Department of Multimedia Systems, Telecommunications and Informatics, BioTechMed Center, Faculty of Electronics, Gdansk University of Technology, 80-233 Gdansk, Poland.
Department of Physiology and Biomedical Engineering, Mayo Clinic, Rochester, MN 55901, USA.
Sensors (Basel). 2021 Nov 16;21(22):7605. doi: 10.3390/s21227605.

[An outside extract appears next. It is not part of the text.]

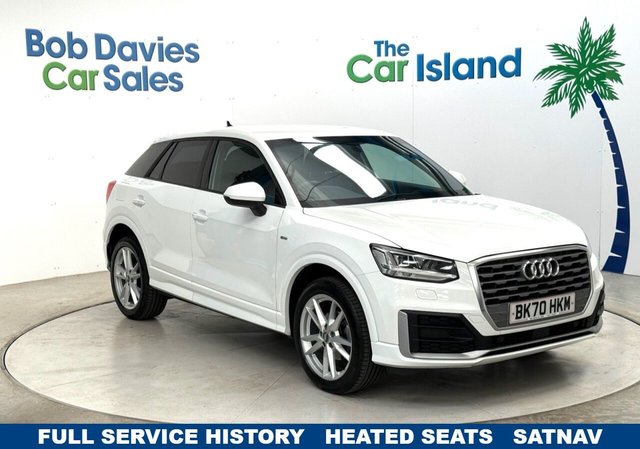 View our AUDI Q2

The emergence of innovative neurotechnologies in global brain projects has accelerated research and clinical applications of BCIs beyond sensory and motor functions. Both invasive and noninvasive sensors are developed to interface with cognitive functions engaged in thinking, communication, or remembering. The detection of eye movements by a camera offers a particularly attractive external sensor for computer interfaces to monitor, assess, and control these higher brain functions without acquiring signals from the brain. Features of gaze position and pupil dilation can be effectively used to track our attention in healthy mental processes, to enable interaction in disorders of consciousness, or to even predict memory performance in various brain diseases. In this perspective article, we propose the term 'CyberEye' to encompass emerging cognitive applications of eye-tracking interfaces for neuroscience research, clinical practice, and the biomedical industry. As CyberEye technologies continue to develop, we expect BCIs to become less dependent on brain activities, to be less invasive, and to thus be more applicable.
在全球大脑计划中涌现出的创新性神经技术,加速了脑机接口在感觉和运动功能之外的研究和临床应用。无论是侵入性还是非侵入性传感器,都被开发出来以与参与思考、交流或记忆的认知功能相连接。通过摄像头检测眼球运动为监测、评估和控制这些更高层次的大脑功能提供了一种特别有吸引力的外部传感器,而无需从大脑获取信号。眼球位置和瞳孔扩张的特征可有效地用于跟踪我们在健康心理过程中的注意力,以在意识障碍中进行交互,甚至可以预测各种脑疾病中的记忆表现。在这篇观点文章中,我们提出了“CyberEye”一词,将其涵盖在用于神经科学研究、临床实践和生物医学工业的新兴认知应用的眼动追踪接口中。随着 CyberEye 技术的不断发展,我们预计脑机接口将越来越不依赖于大脑活动,侵入性也越来越小,因此适用性也更强。